Sebastian Smee is an Australian-born Pulitzer Prize-winning art critic for the Washington Post.

Education and career
Educated at St Peter's College, Adelaide, Smee graduated from the University of Sydney with an Honours degree in fine arts in 1994 and moved to Boston in 2008, having also lived in the United Kingdom between 2001 and 2004. Before joining The Boston Globe he was national art critic for The Australian and has also worked for The Daily Telegraph and contributed to The Guardian, The Times, The Financial Times, The Independent on Sunday, The Art Newspaper, Modern Painters, Prospect magazine and The Spectator.

He won the 2011 Pulitzer Prize for Criticism for his "vivid and exuberant writing about art, often bringing great works to life with love and appreciation".

In 2015, after Smee criticized the "Renoir Sucks at Painting" protest at the Museum of Fine Arts Boston, Max Geller - the leader of the movement - challenged Smee to a duel in the Boston Commons.

Works
Smee is the author of the books Lucian Freud and Side by Side: Picasso v Matisse. In 2016, The Art of Rivalry was published. The book examines the relationships between four pairs of artists — Matisse and Picasso, de Kooning and Pollock, Freud and Bacon, and Degas and Manet.

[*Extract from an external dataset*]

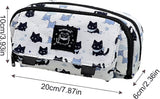 Dimensions trousse chat kawaii 20 x 10 x 6 cm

Smee is author of the 72nd issue of the Quarterly Essay titled "Net Loss: The Inner Life in the Digital Age" (2018).

Publications
Sebastian Smee, Side by Side: Picasso v Matisse, Duffy and Snellgrove, 
_, Lucian Freud, Taschen, 2007, 
_, The Art of Rivalry: Four Friendships, Betrayals, and Breakthroughs in Modern Art, Profile Books, 2016, 
Anita Hill, Sebastian Smee, Cornelia Butler, Mark Bradford, Phaidon Press, London, 2018,

References

External links 
 Official website

Australian art critics
Australian journalists
The Boston Globe people
Pulitzer Prize for Criticism winners
Living people
University of Sydney alumni
Year of birth missing (living people)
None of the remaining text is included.